Matthias Zomer, 2016 / Pexels
swisspeace Leandra Bias Leandra.Bias@swisspeace.ch Gender & Peacebuilding Advisor

L’actuel projet de KOFF en collaboration avec cfd (l’ONG féministe pour la paix) et PWAG (le comité des Femmes de Paix autour du Monde) met en avant la notion de participation sous-jacente à la résolution 1325 du Conseil de sécurité des Nations Unies. Selon les observat·eurs·rices, cette notion se réduit souvent à compter les femmes au lieu de les faire compter. C’est ce que nous voulons faire évoluer!

Au cœur de cette résolution, les femmes du Sud, qui étaient non seulement affectées par les conflits, mais se sentaient également aliénées par la façon dont la diplomatie internationale tendait à les régler : elle ne tenait pas compte de la consolidation de la paix de facto menée par les femmes. Les femmes étaient et restent aujourd’hui les principaux·les acteur·rice·s civil·e·s qui, dans les zones de conflit, recherchent des solutions non violentes et instaurent un dialogue, allant au-delà des divisions bien ancrées. Ce sont elles qui, dans l’adversité, trouvent encore les moyens ingénieux de nourrir leur famille. Il s’agit là d’un travail de soins. Car par soins ou care, on entend les corvées quotidiennes et le travail émotionnel d’empathie et de désescalade. Mais tout comme le travail de soins non ou mal rémunéré dans des contextes pacifiques, il devient invisible dans les conflits violents. Ainsi, on ignore toujours que ce travail de soins constitue le fondement même de notre sentiment de sécurité. Nous sommes des êtres intrinsèquement relationnels. Sans ces soins qui nous sont dispensés discrètement, aucun d’entre nous ne pourrait sortir chaque matin. C’est ce qui nous permet de le faire. C’est aussi ce qui permet de survivre, de régler les conflits et de réconcilier les communautés divisées.
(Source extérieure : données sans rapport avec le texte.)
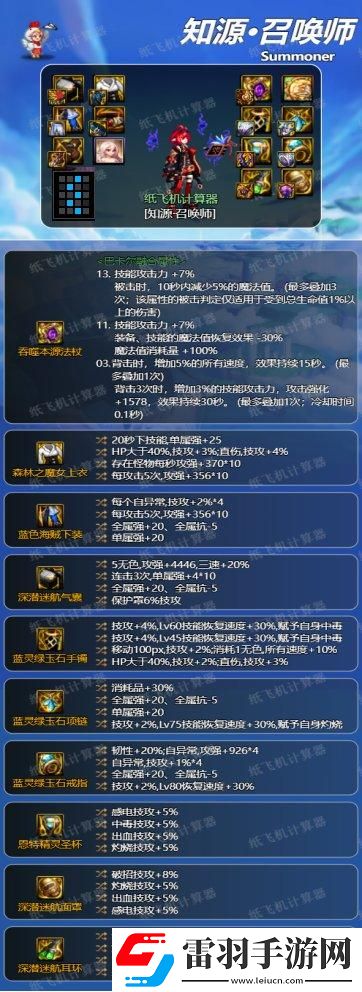 dnf召喚畢業裝備推薦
Ne résumons donc pas la participation des femmes à un quota de femmes à la table des négociations. Nous profitons de cet anniversaire pour en demander davantage. Nous voulons que les femmes soient reconnues pour leur participation aux processus de paix, auxquels elles participent déjà activement grâce à leur travail acharné. De ce point de vue, leur place à la table est la moindre des choses. La résolution irait encore plus loin en reconnaissant à sa juste valeur le travail de soins et sa contribution et en le considérant comme une charge qui doit être répartie de manière équitable. La construction de sociétés pacifiques durables doit donc se traduire à la fois par des budgets qui nationalisent une partie des responsabilités en matière de soins et par des politiques qui engagent les hommes dans le travail de soins. Se concentrer exclusivement sur l’«autonomisation» des femmes ne suffira pas à relever le défi.

Au final, et c’est très important, reconnaître le travail de soins fourni par des femmes comme la garantie d’une sécurité fondamentale nous permettra de reconnecter enfin la résolution 1325 du Conseil de sécurité des Nations unies à la politique intérieure. Par confort, les pays du Nord, dont la Suisse, ont interprété la portée de la résolution uniquement en termes de politique étrangère. Non seulement cela met en exergue les asymétries de pouvoir internationales problématiques, mais cela occulte surtout l’existence de la violence et de l’exclusion dans ces pays, comme si elle s’arrêtait aux frontières nationales – ou européennes d’ailleurs. En Suisse, où un féminicide a lieu toutes les deux semaines, où une femme sur cinq a subi des violences sexuelles et où les femmes ont été les premières à prodiguer les soins nécessaires pour nous permettre de surmonter la pandémie de Covid, tout en étant sous-représentées de manière disproportionnée dans les principaux processus décisionnels correspondants, la résolution 1325 du Conseil de sécurité des Nations unies est particulièrement pertinente au niveau national.